Exercise |
When you transcribe the entries, reproduce every character and exclude the images.

Given entries |
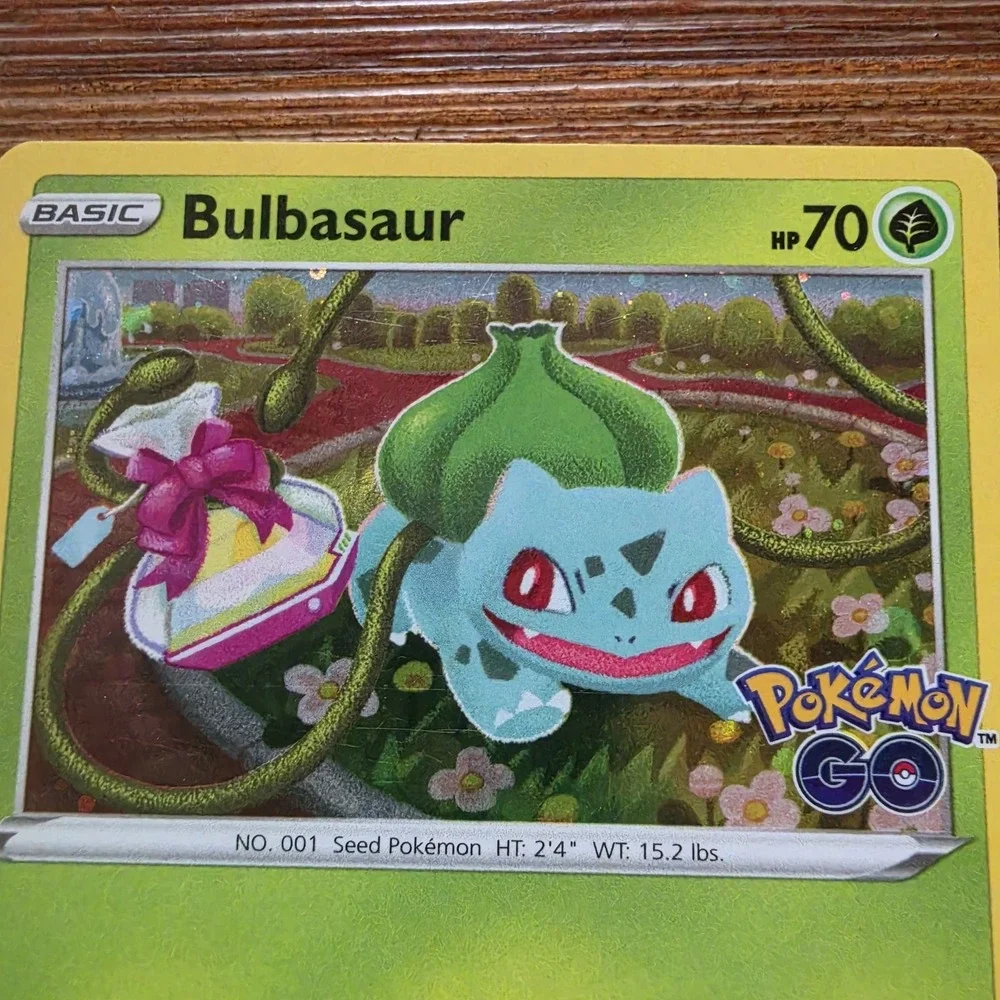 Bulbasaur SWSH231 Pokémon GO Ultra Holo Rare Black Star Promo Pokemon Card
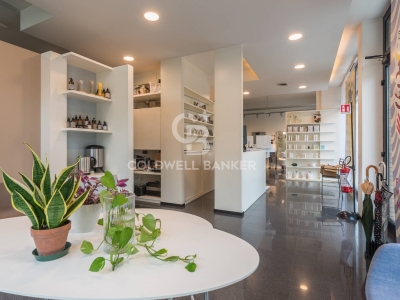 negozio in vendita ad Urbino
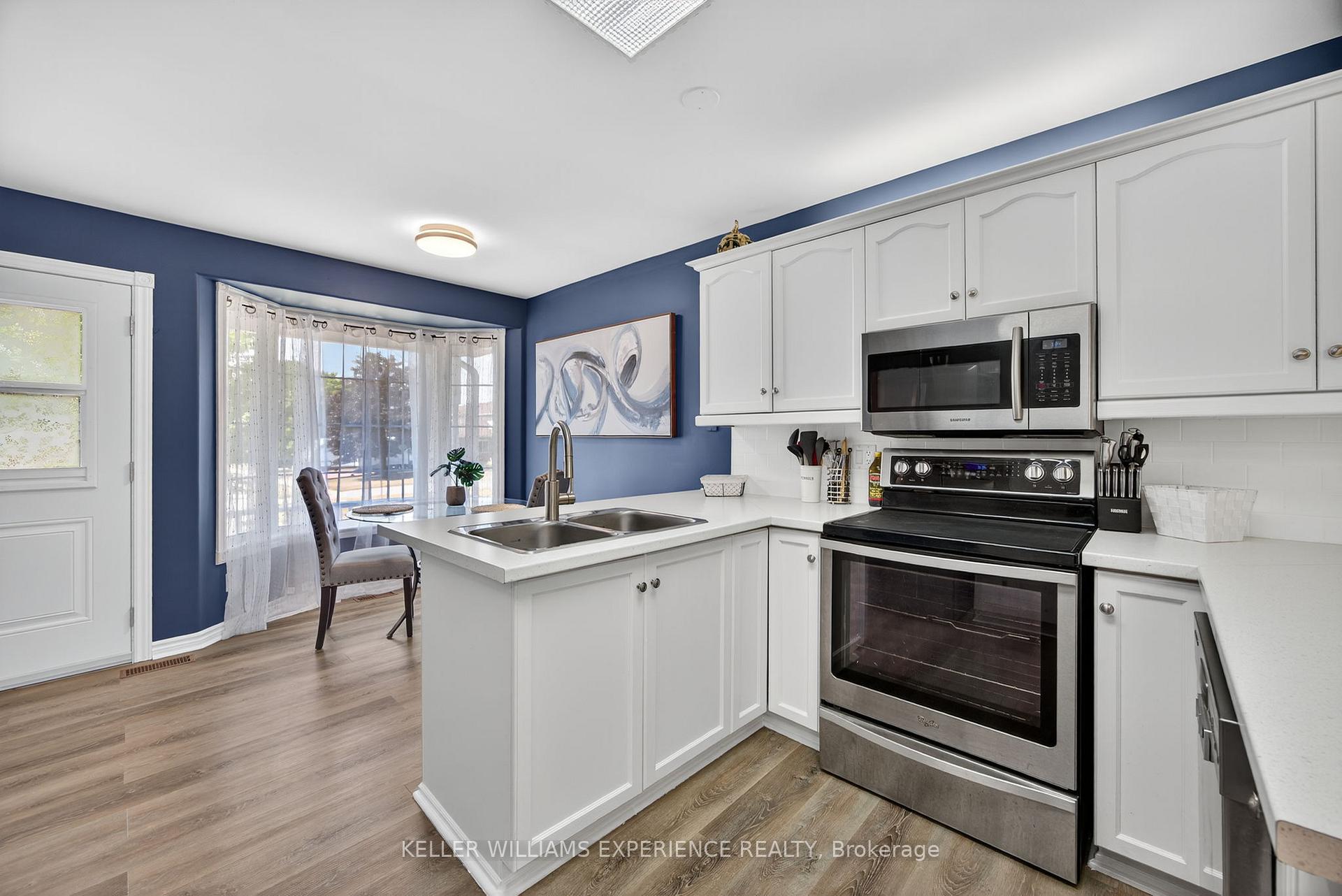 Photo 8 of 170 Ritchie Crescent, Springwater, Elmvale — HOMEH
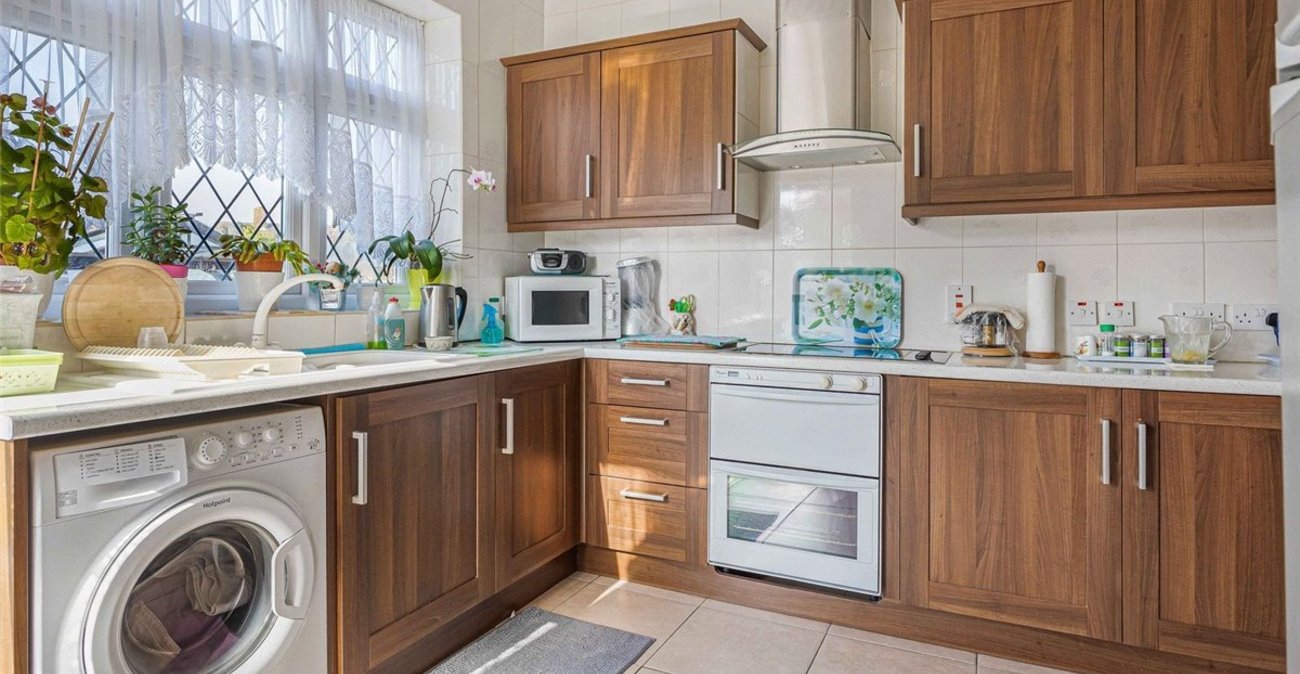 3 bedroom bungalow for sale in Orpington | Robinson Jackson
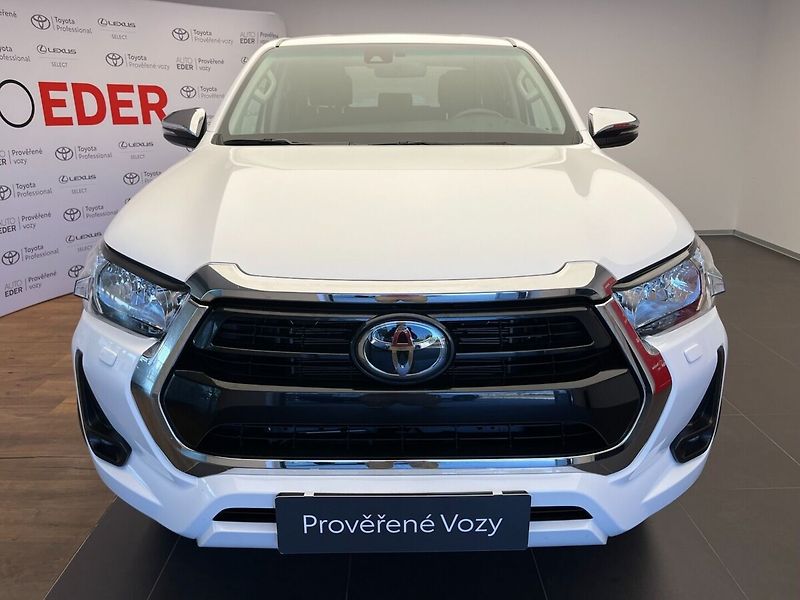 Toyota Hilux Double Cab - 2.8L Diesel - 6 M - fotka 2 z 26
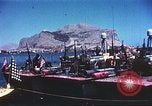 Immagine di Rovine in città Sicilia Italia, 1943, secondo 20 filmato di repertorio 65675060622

Task response |
 Bulbasaur SWSH231 Pokémon GO Ultra Holo Rare Black Star Promo Pokemon Card
 negozio in vendita ad Urbino
 Photo 8 of 170 Ritchie Crescent, Springwater, Elmvale — HOMEH
 3 bedroom bungalow for sale in Orpington | Robinson Jackson
 Toyota Hilux Double Cab - 2.8L Diesel - 6 M - fotka 2 z 26
 Immagine di Rovine in città Sicilia Italia, 1943, secondo 20 filmato di repertorio 65675060622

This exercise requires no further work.